Colegueos incómodos que se asumieron en el calor de la lucha, y en circunstancias que hacían imposible prever cuáles serían las implicaciones. Entonces debió parecer como que estábamos dentro de una película de Mad Max: unos se creían Mel Gibson y otras se postureaban siguiendo el modelo de Tina Turner, sin darse cuenta de que a lo más que podían aspirar era a parecerse a alguno de esos mediocres faranduleros españoles que ni siquiera saben hablar, viven de subvenciones públicas y jamás han disparado un arma de fuego, mucho menos en cacerías con el ministro. Años más tarde, cuando se vislumbra la posibilidad de integrarse en el cómodo y bien retribuido entorno laboral del Establecimiento, salen los zombies del sótano y te chafan el plan. Qué injusta es la vida, ¿verdad? Al final, resulta imposible luchar contra fenómenos que se derivan fatalmente de unas condiciones materiales de base. Lo dijo Marx hace siglo y medio. Es la lógica del sistema.
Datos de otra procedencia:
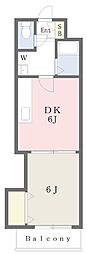 アンジェロポスト5 1DKの間取図画像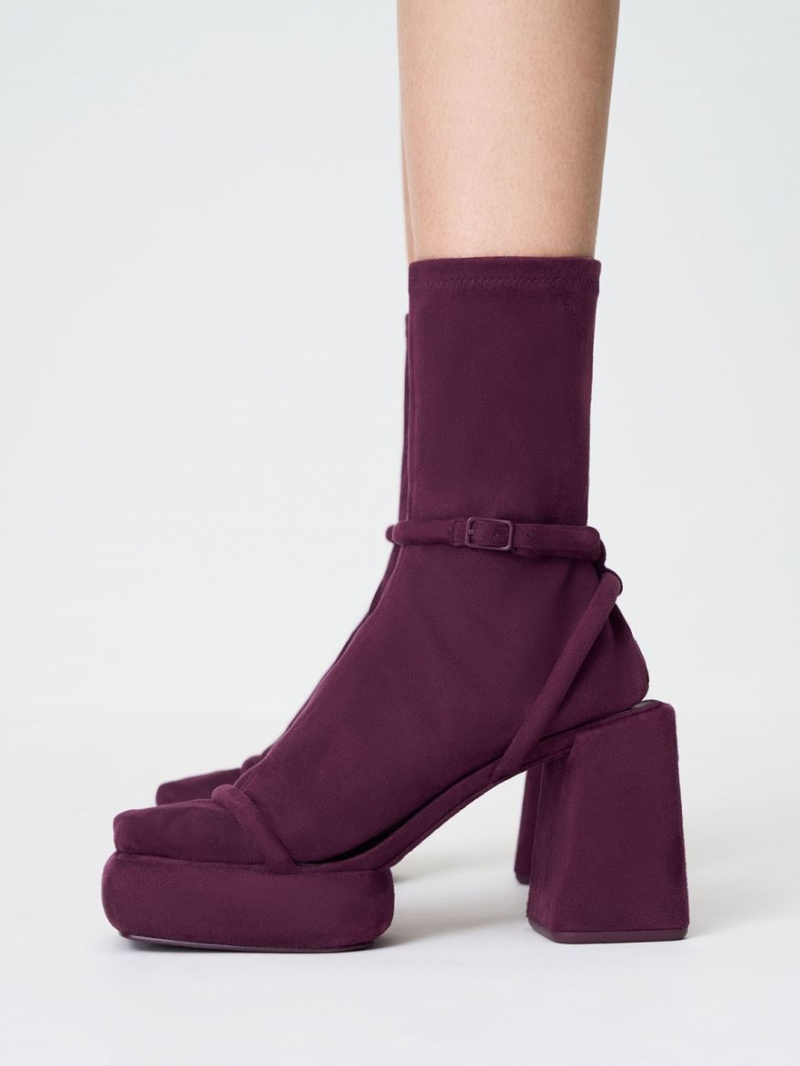 Charles And Keith Lucile Textured Calf Platform Boots Burgundy | PHILIPPINES T026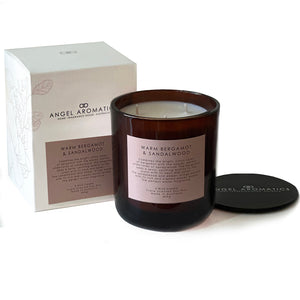 3 Wick Large Scented Candles - Warm Bergamot & Sandalwood-scented candles-Angel Aromatics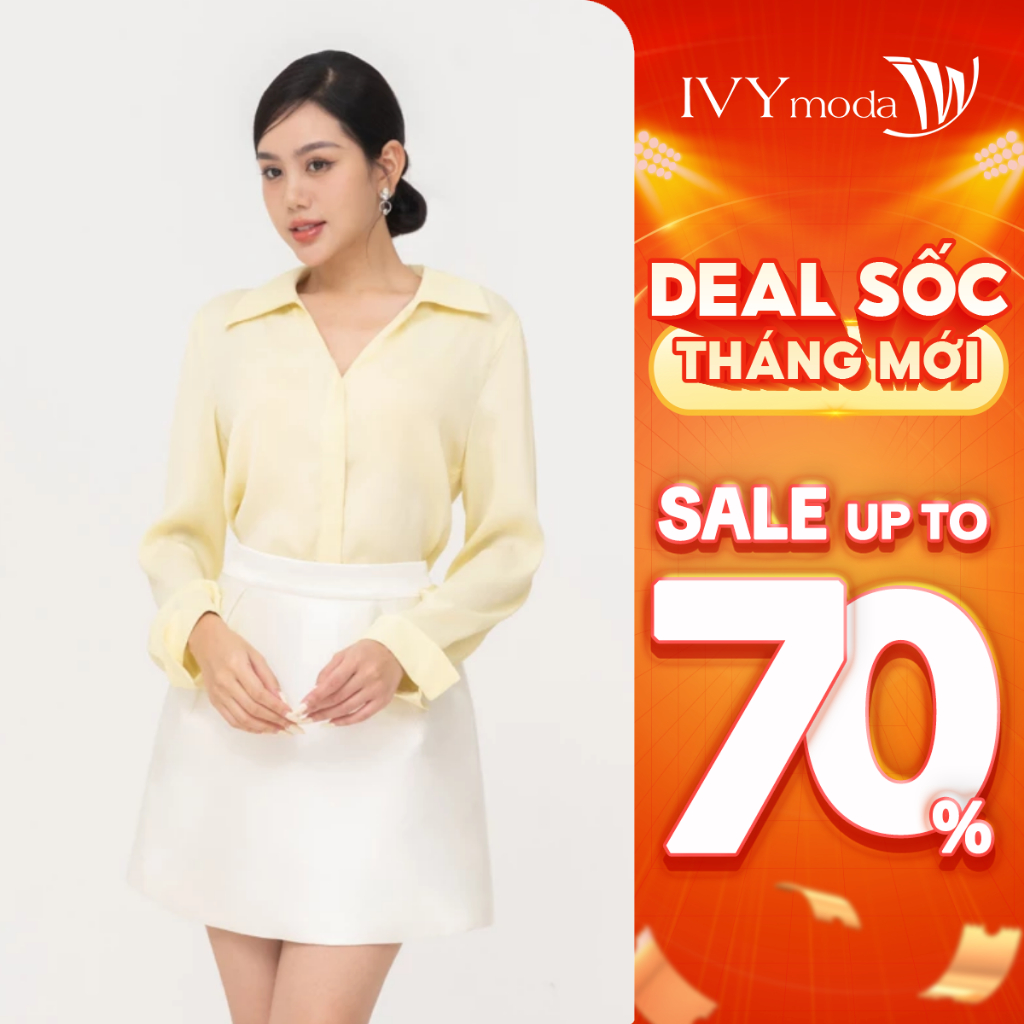 Áo sơ mi lụa Basic nữ IVY moda MS 17M8605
Pese a todo lo que se arguye desde la corrección política, es algo evidente que quien tomó parte en una siembra tan poco ejemplar tiene su parte de responsabilidad en los sucesos que durante la última semana han acongojado a la nación española. La opinión pública, en especial la que va a votar en las elecciones catalanas del próximo día 21, debería dedicar algún tiempo a reflexionar sobre estos temas: ¿para qué estamos aquí? ¿para recuperar la Cataluña próspera y mercantil de tiempos mejores, o para hacer caso a los sueños de unos cuantos demagogos que viven de ideales extinguidos y no tienen nada que perder? Y también convendría que pensásemos un poco en el estado en que se encuentra España en general: si toda esta demencia de masas, este obsesivo intento de reconstruir los platós de Eisenstein, en un período en que ya no hace falta, con recuperación económica y crecimiento del empleo, no tendrán que ver con algún grave fallo estructural del constitucionalismo y del régimen levantado por la Transición.
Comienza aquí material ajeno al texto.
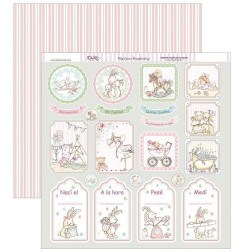 Papel Scrapbooking SCP-263 niña: etiquetas nacimiento | L'aura Bella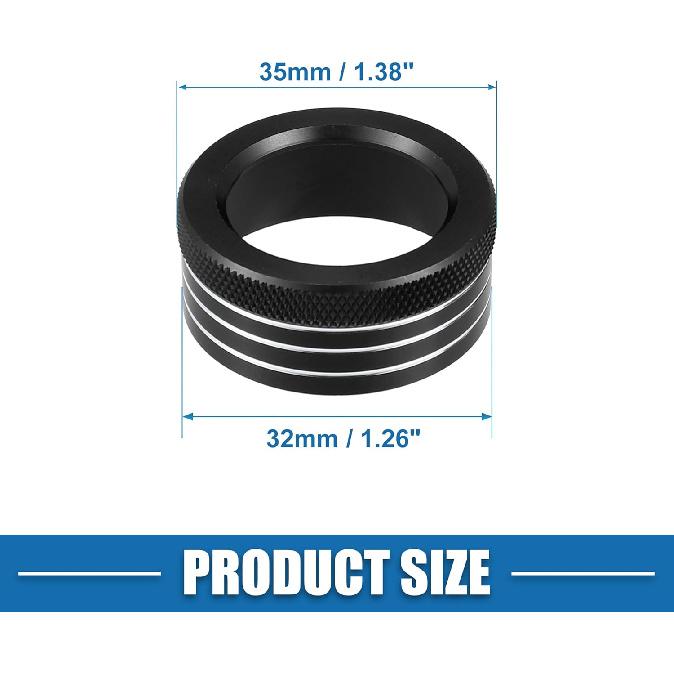 Car Console AC Audio Volume Knob Ring Cover for Subaru BRZ for Toyota 86 2013-2020 Black (Set of 3)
No es normal que personajes tan arrastrados y ayunos de preparación como los Iglesias, los Rufianes, los Errejones, las Gabriel y las Colau estén en primer plano en un país que en su tiempo, por razones de Realpolitik, dejó caer por el acantilado a figuras como Antonio García-Trevijano y Enrique Tierno Galván, y que ni siquiera toleraba que se dieran papeles de secundario cómico a friquis como Jorge Verstrynge o idealistas irredentos como Gerardo Iglesias. El día menos pensado nos podemos encontrar con la noticia de que conceden a Alonso Fernández de Avellaneda el Premio Nacional de Literatura a título póstumo por haber escrito el Quijote Apócrifo. En realidad, lo que estamos presenciando es la típica crisis de las élites. Eso es lo que produce el resquebrajamiento del sistema. Cuando hay grietas en el edificio, las ratas penetran por ellas y la arman gorda. Ya pasó una vez. Eran los años 30.